- Born: 13 September 1964 (age 61) Johannesburg, South Africa
- Citizenship: South African
- Education: University of Oxford
- Occupation: Football executive
- Employer: Kilmer Sports Ventures
- Title: President

= Ivan Gazidis =

South African businessman (born 1964)

Ivan Gazidis (born 13 September 1964) is a South African-Greek business executive and former footballer who is currently the President of Kilmer Sports Ventures and the president of AS Saint-Étienne. He previously held executive positions at Italian Serie A club AC Milan, Premier League club Arsenal, and the Major League Soccer.

==Early life and education==
Gazidis was born on September 13, 1964 to an ethnically Greek family in Johannesburg, South Africa. At the age of 4, the Gazidis family moved to the United Kingdom where Gazidis would later attend independent Manchester Grammar School and St Edmund Hall at the University of Oxford. He was twice awarded a blue playing football against Cambridge in 1984 and 1985. He graduated with a degree in law in 1986 and in 1992 he moved to the United States to work for Latham & Watkins.

==Career==
In 1994, he joined the founding management team of Major League Soccer, becoming in 2001 its deputy commissioner. He oversaw MLS's key strategic and business decisions and its marketing arm, Soccer United Marketing, of which he was president. He also helped promote the Mexican Football Federation and the CONCACAF Gold Cup.

In November 2008 Gazidis accepted the post of chief executive of Arsenal, a post he formally took up from 1 January 2009. He succeeded former managing director Keith Edelman and was expected to take over many of the roles formerly undertaken by ex-vice-chairman David Dein. In 2017–18, he oversaw significant personnel changes at the top of the club in preparation for then manager Arsene Wenger's departure, which was announced in April 2018. Gazidis spearheaded the search for a new manager, eventually hiring Unai Emery.

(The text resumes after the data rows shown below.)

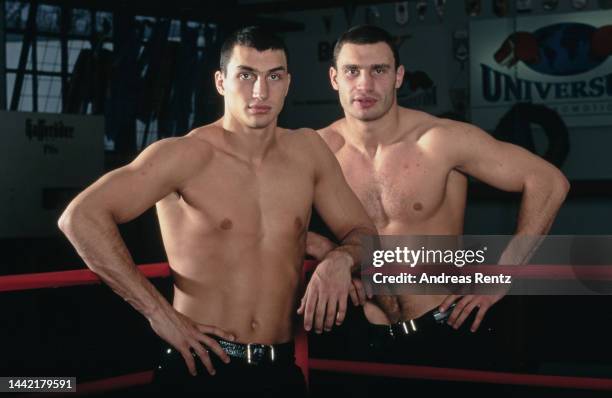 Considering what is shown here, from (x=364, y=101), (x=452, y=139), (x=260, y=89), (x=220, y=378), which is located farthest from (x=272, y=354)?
(x=452, y=139)

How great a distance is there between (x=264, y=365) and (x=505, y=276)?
657mm

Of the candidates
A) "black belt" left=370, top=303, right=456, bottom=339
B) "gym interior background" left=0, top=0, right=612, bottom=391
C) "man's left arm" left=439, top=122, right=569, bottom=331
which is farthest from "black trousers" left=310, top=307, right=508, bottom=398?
"gym interior background" left=0, top=0, right=612, bottom=391

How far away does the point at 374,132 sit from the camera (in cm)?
248

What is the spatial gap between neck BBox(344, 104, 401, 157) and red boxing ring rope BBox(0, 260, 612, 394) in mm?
488

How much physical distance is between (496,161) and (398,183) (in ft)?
0.93

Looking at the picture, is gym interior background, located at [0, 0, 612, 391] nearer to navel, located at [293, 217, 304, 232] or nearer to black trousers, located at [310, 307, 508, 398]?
black trousers, located at [310, 307, 508, 398]

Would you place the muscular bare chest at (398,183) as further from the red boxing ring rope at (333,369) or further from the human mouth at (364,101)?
the red boxing ring rope at (333,369)

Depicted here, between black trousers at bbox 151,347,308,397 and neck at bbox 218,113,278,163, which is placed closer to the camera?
black trousers at bbox 151,347,308,397

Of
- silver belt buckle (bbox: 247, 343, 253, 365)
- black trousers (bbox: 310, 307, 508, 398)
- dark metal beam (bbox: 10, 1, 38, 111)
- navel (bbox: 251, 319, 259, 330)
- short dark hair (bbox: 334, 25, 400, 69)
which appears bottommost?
black trousers (bbox: 310, 307, 508, 398)

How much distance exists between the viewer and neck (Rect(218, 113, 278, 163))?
183cm

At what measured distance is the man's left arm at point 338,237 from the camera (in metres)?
1.58

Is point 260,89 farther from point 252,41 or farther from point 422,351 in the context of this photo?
point 422,351

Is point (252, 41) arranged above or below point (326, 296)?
above

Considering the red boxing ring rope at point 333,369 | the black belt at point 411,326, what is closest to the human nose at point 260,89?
the red boxing ring rope at point 333,369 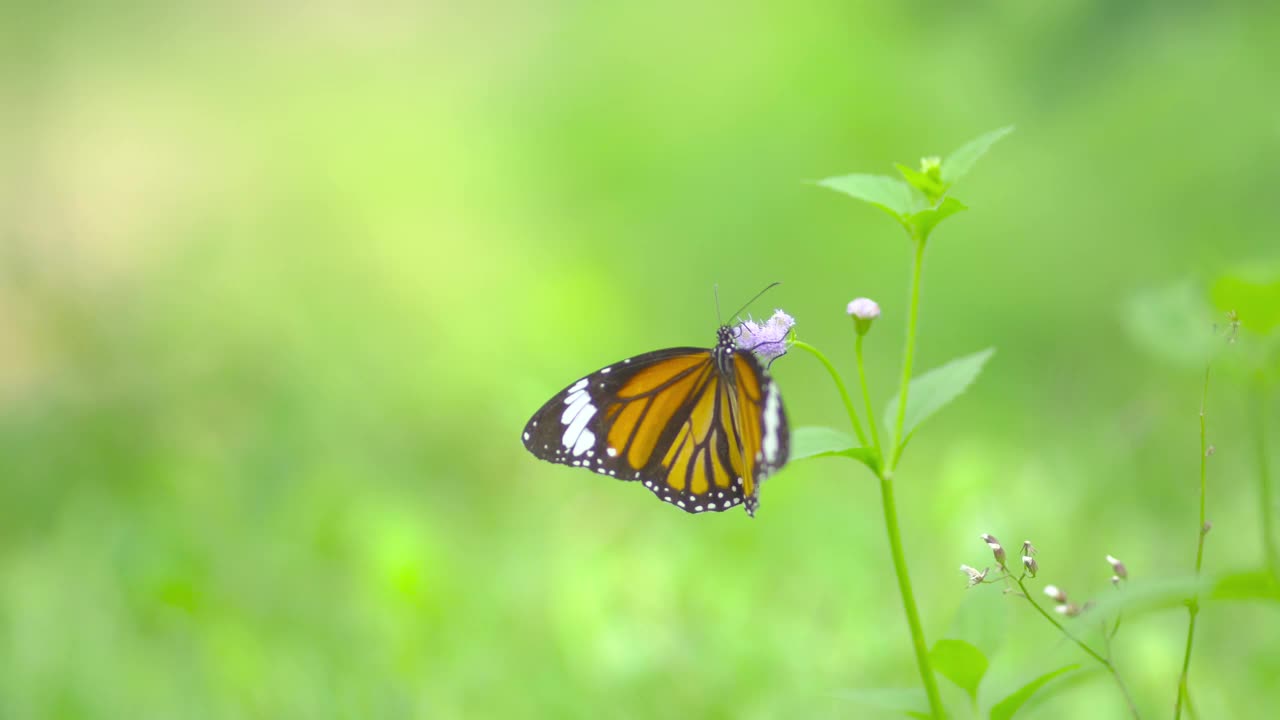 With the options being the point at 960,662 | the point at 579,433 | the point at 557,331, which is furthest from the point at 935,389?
the point at 557,331

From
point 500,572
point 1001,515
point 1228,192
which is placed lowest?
point 500,572

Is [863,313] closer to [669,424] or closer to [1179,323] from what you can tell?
[669,424]

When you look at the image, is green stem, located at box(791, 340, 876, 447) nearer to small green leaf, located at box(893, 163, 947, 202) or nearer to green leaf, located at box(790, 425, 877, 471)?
green leaf, located at box(790, 425, 877, 471)

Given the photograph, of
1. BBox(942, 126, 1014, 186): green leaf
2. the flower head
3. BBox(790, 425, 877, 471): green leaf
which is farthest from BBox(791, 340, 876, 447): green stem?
BBox(942, 126, 1014, 186): green leaf

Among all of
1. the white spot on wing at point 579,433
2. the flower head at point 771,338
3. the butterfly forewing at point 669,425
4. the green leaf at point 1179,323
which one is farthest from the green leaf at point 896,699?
the green leaf at point 1179,323

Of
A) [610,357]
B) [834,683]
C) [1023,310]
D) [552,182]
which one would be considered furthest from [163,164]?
[834,683]

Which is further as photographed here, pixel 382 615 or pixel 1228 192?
pixel 1228 192

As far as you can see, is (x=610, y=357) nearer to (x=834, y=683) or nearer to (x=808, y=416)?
(x=808, y=416) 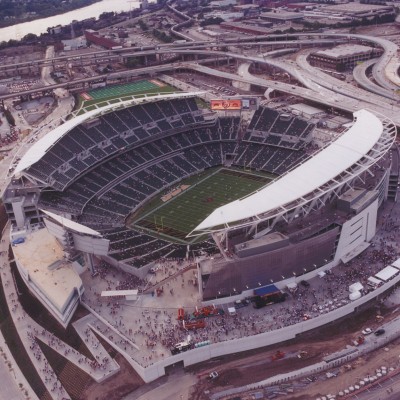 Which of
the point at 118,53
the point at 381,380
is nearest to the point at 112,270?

On 18 September 2018, Gazidis announced that he would be leaving Arsenal to join A.C. Milan. He took up the role on 1 December 2018. During January 2019 transfer window, he opted to terminate Gonzalo Higuain's loan deal six months in advance. He approved the transfers of Krzysztof Piątek and Lucas Paquetá, both carried out by Leonardo. In his first season as the club's CEO, the team finished fifth in Serie A, which was its best result in six years. And just two seasons after, the team finished second in 2020-2021 Serie A season; making them qualify to the UEFA Champions League for the first time since season 2012–2013. Gazidis left the club in the middle of the subsequent 2021–22 season, which A.C. Milan finished by winning the Serie A champions trophy for the first time in 11 years.

On 5 March 2024, Gazidis was appointed president of Kilmer Sports Ventures (KSV), a company within the Kilmer Group owned by Larry Tanenbaum. Following KSV's acquisition of AS Saint-Étienne on 3 June 2024, he also became president of the club. In both roles, he is supported by executive vice-presidents Huss Fahmy and Jaeson Rosenfeld, with whom he previously worked at Arsenal.

==Personal life==
Gazidis is married and has two sons.